Nesse cenário, os sistemas de responsabilidade coletiva e vingança familiar assim como o sistema de responsabilidade delitual não

se mostravam mais adequados aos novos valores, os primeiros por extrapolarem, com suas consequências, a esfera do indivíduo e, com isso, afetarem o binômio liberdade – responsabilidade tão caro aos juristas modernos e o segundo, por estar bastante apregoado à tipicidade dos delitos e das penas, estas muitas vezes de natureza corporal (SCHREIBER, 2009, p. 13).

Por outro lado, a culpa adotada pelos modernos, diversamente do direito romano republicano, passou a apresentar uma forte conotação moral.
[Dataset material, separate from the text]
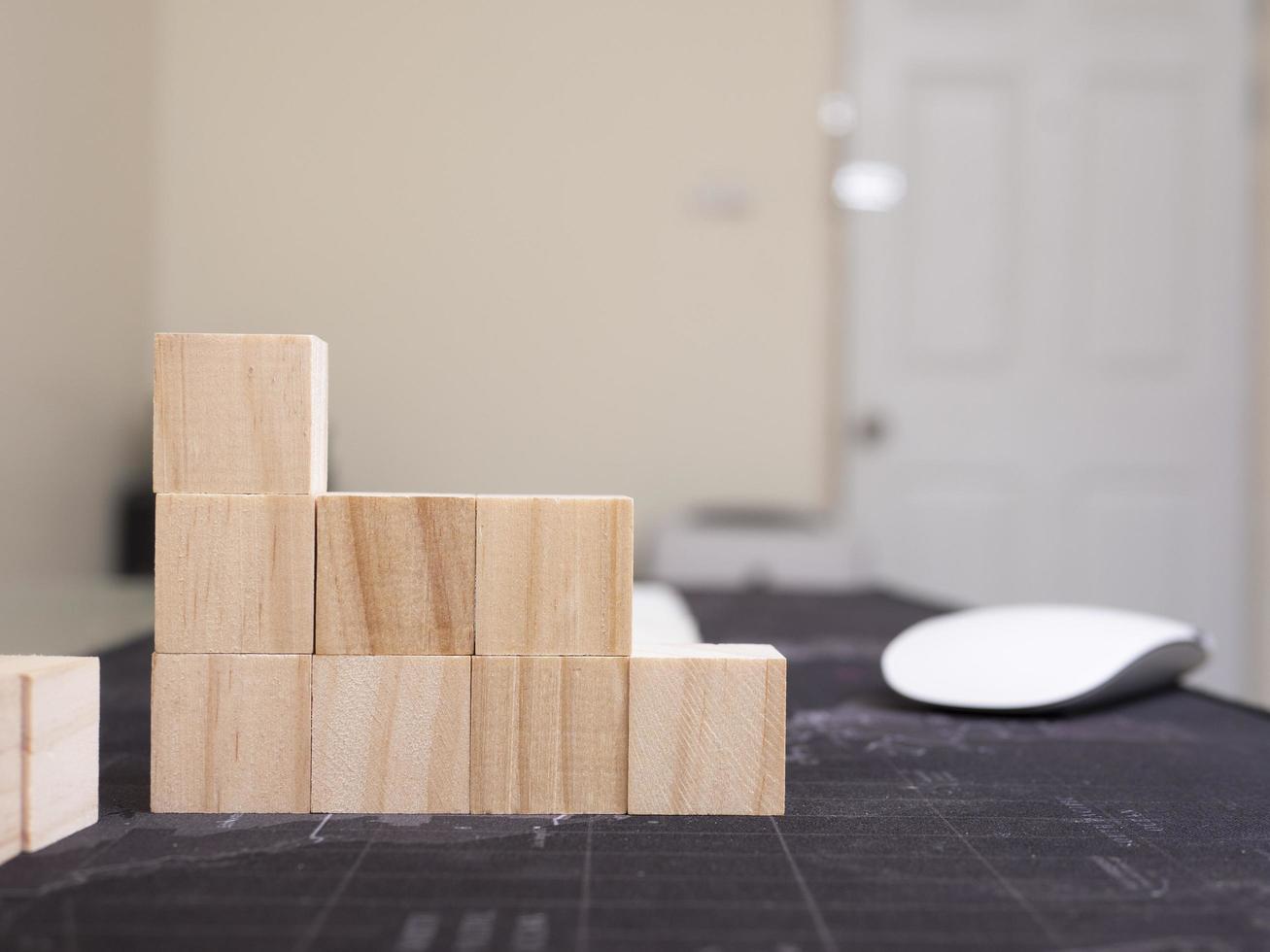 wood cube arrange in pyramid shape ,business concept photo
Isso foi possível graças à influência de noções gregas e orientais, individualistas em essência, e à propagação da ideologia cristã, que agregou à culpa contornos éticos e morais, aproximando-a da noção de pecado e oferecendo uma justificativa ética para o próprio dever de indenizar (SCHREIBER, 2009, p. 13-16).

Em outras palavras, pode-se dizer que a responsabilidade civil pautava-se na noção de ato ilícito, compreendido como a conduta reprovável daquele que por negligência, imprudência ou imperícia, viola direito e causa dano a outrem (MORAES, 2006b, p. 248). Para que a responsabilidade surgisse, era necessário que a vítima demonstrasse a violação a um dever de cuidado, exigível do agente causador do dano. Para Moraes (2006b, p. 248), esta exigência de uma avaliação ético- jurídica do comportamento do agente para imputar-lhe o dever de reparar era considerada como princípio axiomático, vinculada à ideia de punição pelo ilícito cometido.

A concepção subjetiva da responsabilidade civil consagrada no direito francês foi universalizada durante o movimento codificador dos séculos XIX e XX e continua servindo como princípio básico da responsabilização na maior parte dos ordenamentos jurídicos.